> Source records:
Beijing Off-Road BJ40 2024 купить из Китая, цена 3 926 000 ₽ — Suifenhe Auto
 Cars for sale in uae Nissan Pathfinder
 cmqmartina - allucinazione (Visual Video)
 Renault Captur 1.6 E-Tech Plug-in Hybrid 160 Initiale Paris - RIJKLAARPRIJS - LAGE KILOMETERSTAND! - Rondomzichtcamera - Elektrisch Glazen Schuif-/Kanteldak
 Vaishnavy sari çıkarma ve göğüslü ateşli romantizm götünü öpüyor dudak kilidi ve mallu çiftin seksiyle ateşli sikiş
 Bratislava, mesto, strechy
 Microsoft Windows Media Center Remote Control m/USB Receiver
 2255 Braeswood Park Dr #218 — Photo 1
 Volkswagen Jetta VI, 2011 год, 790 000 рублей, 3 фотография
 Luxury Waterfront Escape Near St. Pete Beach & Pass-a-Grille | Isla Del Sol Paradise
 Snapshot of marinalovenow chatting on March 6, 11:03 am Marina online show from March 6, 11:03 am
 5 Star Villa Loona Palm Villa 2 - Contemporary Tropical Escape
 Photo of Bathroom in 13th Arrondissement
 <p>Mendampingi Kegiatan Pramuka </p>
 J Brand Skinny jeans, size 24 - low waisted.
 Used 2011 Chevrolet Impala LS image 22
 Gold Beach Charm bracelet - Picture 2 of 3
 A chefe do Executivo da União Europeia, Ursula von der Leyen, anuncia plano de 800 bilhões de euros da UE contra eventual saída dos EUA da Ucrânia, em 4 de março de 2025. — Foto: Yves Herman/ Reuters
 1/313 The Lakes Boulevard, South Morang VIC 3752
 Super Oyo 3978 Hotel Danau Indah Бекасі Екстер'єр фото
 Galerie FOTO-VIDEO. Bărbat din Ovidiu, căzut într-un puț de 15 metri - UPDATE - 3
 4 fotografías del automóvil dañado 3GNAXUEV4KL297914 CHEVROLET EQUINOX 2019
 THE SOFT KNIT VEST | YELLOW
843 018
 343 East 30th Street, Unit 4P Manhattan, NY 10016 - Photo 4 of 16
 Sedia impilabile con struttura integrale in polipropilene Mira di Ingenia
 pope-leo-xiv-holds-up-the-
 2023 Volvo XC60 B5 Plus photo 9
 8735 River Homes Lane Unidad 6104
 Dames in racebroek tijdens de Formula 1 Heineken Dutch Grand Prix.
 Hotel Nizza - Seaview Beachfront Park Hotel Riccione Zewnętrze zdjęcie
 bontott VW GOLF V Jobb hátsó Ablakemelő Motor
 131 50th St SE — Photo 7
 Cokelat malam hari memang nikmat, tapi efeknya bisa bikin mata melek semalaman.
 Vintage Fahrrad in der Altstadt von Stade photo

> Goal of the exercise:
Every line above that has the string "Hotel" needs to be copied.

> Answer to the exercise:
 Super Oyo 3978 Hotel Danau Indah Бекасі Екстер'єр фото
 Hotel Nizza - Seaview Beachfront Park Hotel Riccione Zewnętrze zdjęcie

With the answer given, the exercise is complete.